The ADC-1 was introduced in 1961. It came with the .6 mil “R10” spherical stylus with a compliance of 20 cu/dyne and a VTF range of .75 – 3 grams. Audio magazine tested the cartridge and found it to have a frequency response of 10 – 20k Hz within 1.7dB and found the cartridge was able to track well at 0.9 grams VTF.
The ADC-1 MK II was introduced in 1962. The cartridge bodies appear to be the same except for the “MK II” label. The only difference I was able to find was that the MK II was 0.5 grams heavier although that could be within manufacturing tolerances. According to the published specifications, the difference appears to be in the stylus assembly. The compliance of the R10 stylus was increased to 30 cu/dyne and the VTF range was changed to 0.75 to 1.5 grams. An additional stylus was included with the MK II: The 0.35 mil “R30” spherical stylus with a compliance of 40 cu/dyne and a VTF range of 0.5 to 1.5 grams. The R30 was for “modern stereo recordings” while the R10 was to be used on records with “poor groove formation found on a few modern and most old recordings”.

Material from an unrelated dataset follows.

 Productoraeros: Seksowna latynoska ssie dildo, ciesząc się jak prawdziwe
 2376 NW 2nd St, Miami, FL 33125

Tests: The ADC-1 MK II fitted with the R30 stylus was installed on a Dual 701 turntable at 1 gram VTF and 1 unit of anti-skating force. Spherical styli don’t do well tracking inner bands of the record. I have a few records that have severe distortion on the bands closest to the spindle but the ADC played them fairly cleanly. Records with strong sibilance had severe distortion. I tried some of the tests from the Shure Obstacle Course with the following results:
Orchestral Bells – Distortion at level 3 and mistracking at level 4
Drum and Cymbal – Distortion at level 4
Bass Drum – mistrack at level 4
Violin – Distortion at level 3 and mistracking at level 4
Silbilance – Distortion at level 2 and mistracking at level 3
Definite emphasis in the bass and low mid-range frequencies. Especially noticeable with music containing electronic bass and vocal accompaniment.
Orchestral and choral music is clean. Classical music is clear and well balanced.
High frequencies are somewhat muted, but easily corrected by adjusting the tone controls.
I’ve found that a cartridge can handle 90% of commercial records if it can make it through level 3 of the obstacle course. I need to be selective with vocal recordings due to the high silbilance distortion, but orchestral and classical records sound very good.